昨日の太田道灌の「山吹」の現場は「武蔵野の野」とありました。「武蔵野」というと旧神奈川県人の私のイメージとしては南武線沿線(武蔵小杉~武蔵溝の口)辺りから東京都区そして埼玉南部です。東京近郊の「里山」と変化した『武蔵野』について国木田独歩が褒め称えていますがそれと同様の地域感だと思います。
武蔵野とはやはり東京近郊という感じですので「大都会近く」です。初見は万葉集で、そこで歌われる内容は殆ど「荒涼とした大自然」―「寂」です。
「人は地球を壊すために生れた」と言った人がいるそうですが変わりに変わったものです。
当然の事だとは思いますが、当時の人々はそのような場所には必ず「月」を持ち出します。よって「むさしの=月の美しい場所」と人々はその名を耳にするだけで思い起こしたことでしょう。
何せ「野っ原の夕べ」に似合うもの、ホッとさせるものは「月」以外無いでしょうね。
「めぐりあはむ空ゆく月の行末もまだ遥かなる武蔵野の原」
芭蕉も
「武蔵野の月の若生えや松島種」
やはり月の美しい松島の「月の種」が芽生えたのが武蔵野のこの月なのか・・・という意味でしょうか。
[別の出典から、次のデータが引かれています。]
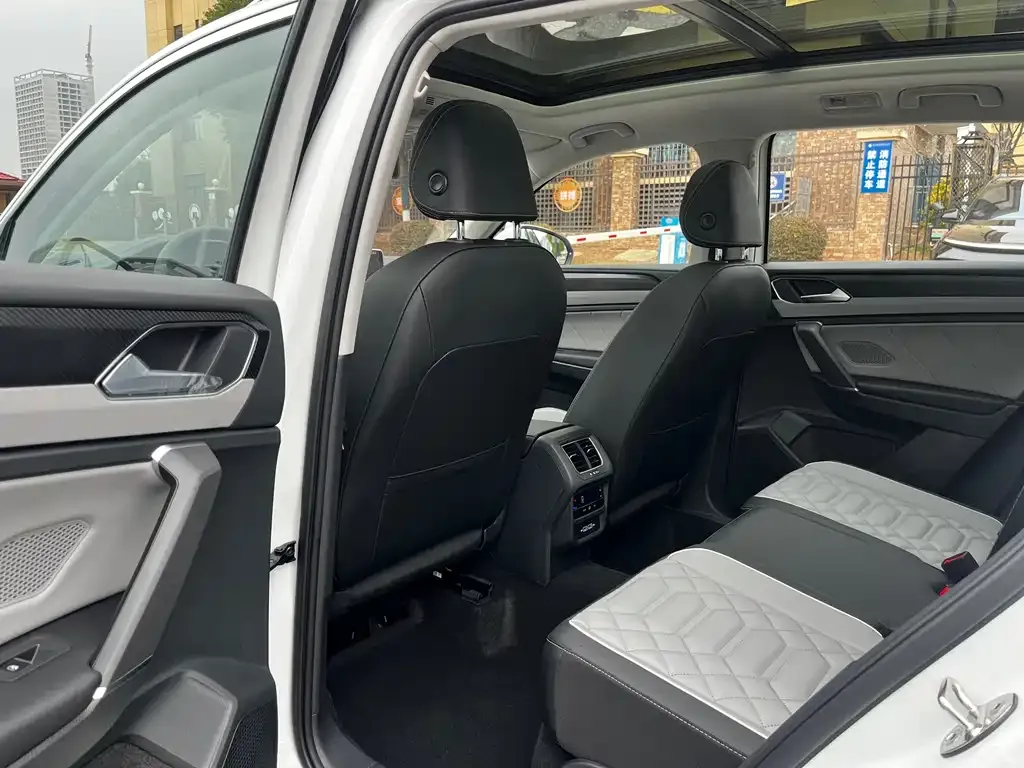 Volkswagen Tayron 2026 из CN, фото 3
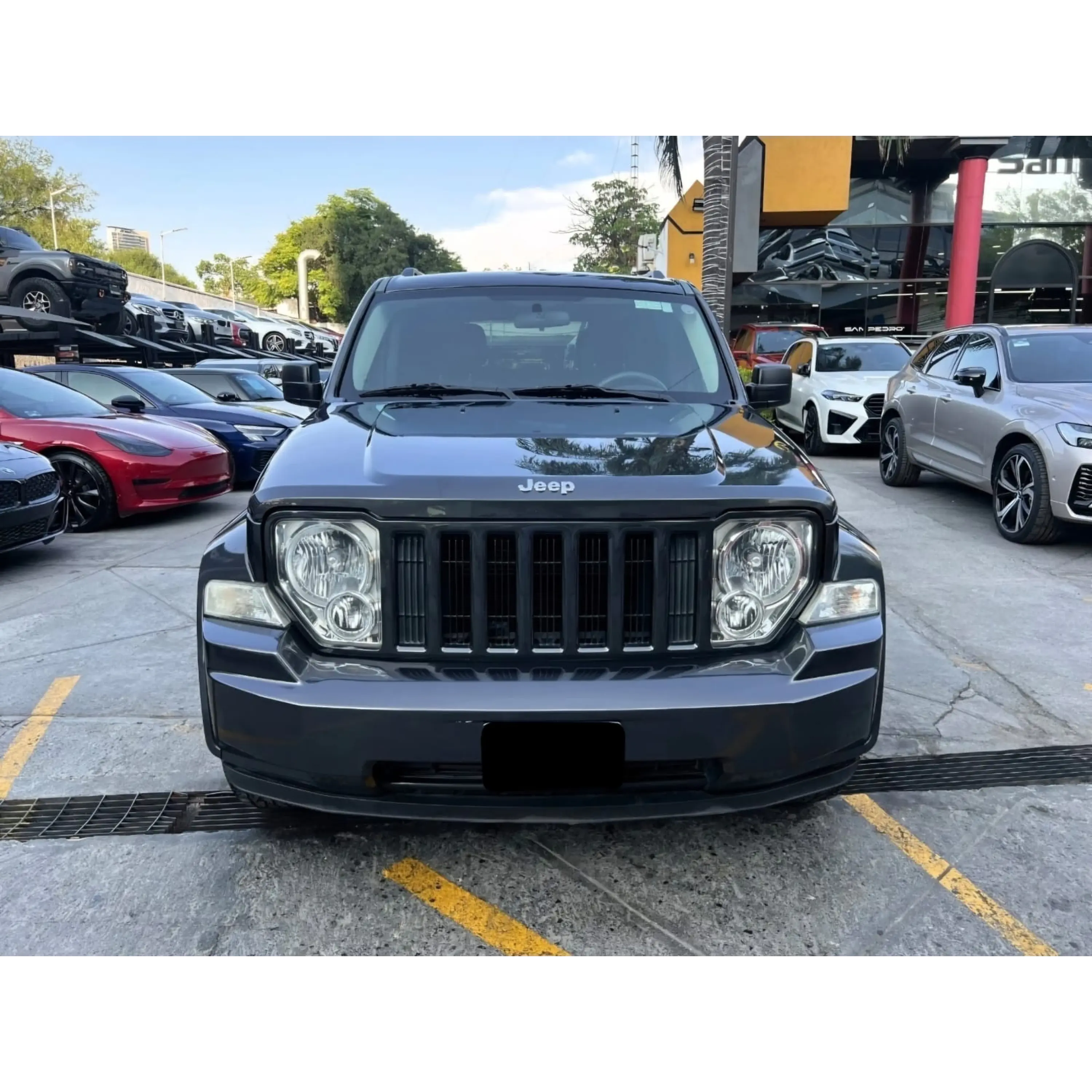 JEEP LIBERTY 3.7 SPORT 4X2 AT 2011 2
ということで先日訪れた京都大谷大学博物館の展示物、仙台市博物館所有の狩野探幽筆「伊達正宗甲冑騎馬像」を。
「 出づるより 入る山の端は いづくぞと
月にとはまし 武蔵野の原 」
と正宗の自筆の和歌が貼りつけてあるもです。
騎馬上の正宗の冑の前立てが「黒い月」、旗差物が「日輪」です。
この前立てと旗印については「性山公治家記録」(伊達家正史)に正宗の父輝宗が正宗の誕生の際(永禄十年)に記した
「 日輪ヲ以テ御旗ノ紋トシ給ヒ 日ノ丸ト名ク
是金剛界ニ象レリ
半月輪ヲ以テ御冑ノ立物ニ製シ給フ 半月ト称ス
是胎蔵界ニ象レリ 」
伊達家のスタンダードがここにあったわけです。
ちなみに大坂夏の陣の正宗は「黒い月の前立ての冑」だったとのこと。